Gunplay: Success Strategem
U.S. - 90 guns for every 100 citizens
No kidding. Don't believe me? Well, we have it on the very best authority; a country, to become healthy, wealthy and wise encourages gun ownership. Yep. According to the Small Arms Survey 2006 by the Geneva-based Graduate Institute of International Studies. Didn't say who they were funded by. The U.S. National Rifle Association?
The survey lets us know that over half the eight million new guns manufactured worldwide each year are purchased in the United States. No wonder U.S. citizens have in their possession roughly one-third of the known firearms in existence. That's a lot of fire power. It's well know, of course, that violence in the United States is expressed often with the help of firearms.
And countries like Canada that share a border with the United States are leery of the types of lethal automatic firearms that enter Canada. And Canada practises due diligence in attempting, whenever and wherever possible to obstruct and halt entry across the border. But where there is a demand there will always be a way.
Surprisingly, India had the world's second-largest civilian gun arsenal. About 47 million firearms outside law enforcement agencies and in military possession. Placing India at four guns per 100 people. Is India wealthy by western standards? Getting there, but one would have grave doubts whether the ownership of guns plays any part in its growing economic success.
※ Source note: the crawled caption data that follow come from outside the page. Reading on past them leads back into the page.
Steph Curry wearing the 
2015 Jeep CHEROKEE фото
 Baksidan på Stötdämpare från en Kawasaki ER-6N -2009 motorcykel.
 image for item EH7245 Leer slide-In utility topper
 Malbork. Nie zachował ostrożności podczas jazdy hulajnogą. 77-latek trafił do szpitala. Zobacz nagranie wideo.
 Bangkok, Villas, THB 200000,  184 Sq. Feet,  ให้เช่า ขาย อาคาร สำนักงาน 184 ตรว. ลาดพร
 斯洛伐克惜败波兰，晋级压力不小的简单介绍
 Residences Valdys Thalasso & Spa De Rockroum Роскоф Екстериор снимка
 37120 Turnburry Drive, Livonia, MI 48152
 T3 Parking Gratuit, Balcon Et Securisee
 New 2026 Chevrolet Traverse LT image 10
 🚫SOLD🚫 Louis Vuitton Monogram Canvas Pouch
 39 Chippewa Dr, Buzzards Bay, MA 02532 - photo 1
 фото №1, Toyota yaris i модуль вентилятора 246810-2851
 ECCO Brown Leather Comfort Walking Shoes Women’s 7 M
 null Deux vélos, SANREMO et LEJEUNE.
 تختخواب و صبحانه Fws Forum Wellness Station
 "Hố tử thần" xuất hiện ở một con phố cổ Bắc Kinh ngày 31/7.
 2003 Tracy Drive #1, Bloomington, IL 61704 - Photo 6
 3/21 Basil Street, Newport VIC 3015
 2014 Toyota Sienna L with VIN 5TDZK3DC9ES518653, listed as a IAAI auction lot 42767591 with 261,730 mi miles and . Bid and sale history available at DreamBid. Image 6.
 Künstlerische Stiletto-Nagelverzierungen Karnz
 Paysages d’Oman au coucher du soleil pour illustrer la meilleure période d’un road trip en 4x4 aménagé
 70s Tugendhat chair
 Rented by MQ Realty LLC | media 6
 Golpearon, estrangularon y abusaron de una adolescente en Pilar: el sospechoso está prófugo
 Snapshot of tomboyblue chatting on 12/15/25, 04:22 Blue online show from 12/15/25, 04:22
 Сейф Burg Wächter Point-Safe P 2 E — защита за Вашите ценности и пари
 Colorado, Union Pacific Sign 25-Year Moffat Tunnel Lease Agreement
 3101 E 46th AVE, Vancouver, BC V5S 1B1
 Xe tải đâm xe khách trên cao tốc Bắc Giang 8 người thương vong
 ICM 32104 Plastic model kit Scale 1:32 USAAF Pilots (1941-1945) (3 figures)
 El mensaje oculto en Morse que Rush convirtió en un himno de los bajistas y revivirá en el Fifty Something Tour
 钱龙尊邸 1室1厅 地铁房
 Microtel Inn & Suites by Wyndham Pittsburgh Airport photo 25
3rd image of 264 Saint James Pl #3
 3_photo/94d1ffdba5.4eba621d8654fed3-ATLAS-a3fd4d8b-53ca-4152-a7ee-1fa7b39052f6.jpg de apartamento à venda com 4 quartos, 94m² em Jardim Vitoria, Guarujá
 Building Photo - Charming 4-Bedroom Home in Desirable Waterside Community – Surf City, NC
China has been given third-place ranking with 40 million privately-owned guns. Who knew? Who even suspected? China!?! In ranking order, Germany, France, Pakistan, Mexico (there's that border influence again) Brazil and Russia brought up the rear. We're talking civilian gun ownership, not a nation's armed forces or policing agents.
Yemen, it would appear, placed second as the most heavily armed citizenry on a per capita basis behind the United States, with 61 guns per 100 citizens. Then came Finland with 56, Switzerland with 46, Iran with 30 and Serbia with 38 firearms per 100 citizens. So how does private-citizen gun ownership equate with a country's wealth?
Straggling behind came France, Canada, Sweden, Austria and Germany, each boasting (or not) about 30 guns per 100 people. Many underdeveloped countries, it was pointed out, where scarcity of goods and means leads to endemic violence, had a scarcer incidence of gun ownership. And just as well.
"Weapons ownership may be correlated with rising levels of wealth and that means we need to think about future demand in parts of the world where economic growth is giving people larger disposable incomes", stated Keith Krause, the survey director. Huh? Isn't this a bit arse-backward?
Don't we start with greater disposable income, creating an atmosphere of enablement in gun ownership, not the other way around? Guns as a fetish object of power and control are expressed as a national 'right' by Americans, and in some states of the union the right to bear arms and gun ownership is actually enshrined in legislation.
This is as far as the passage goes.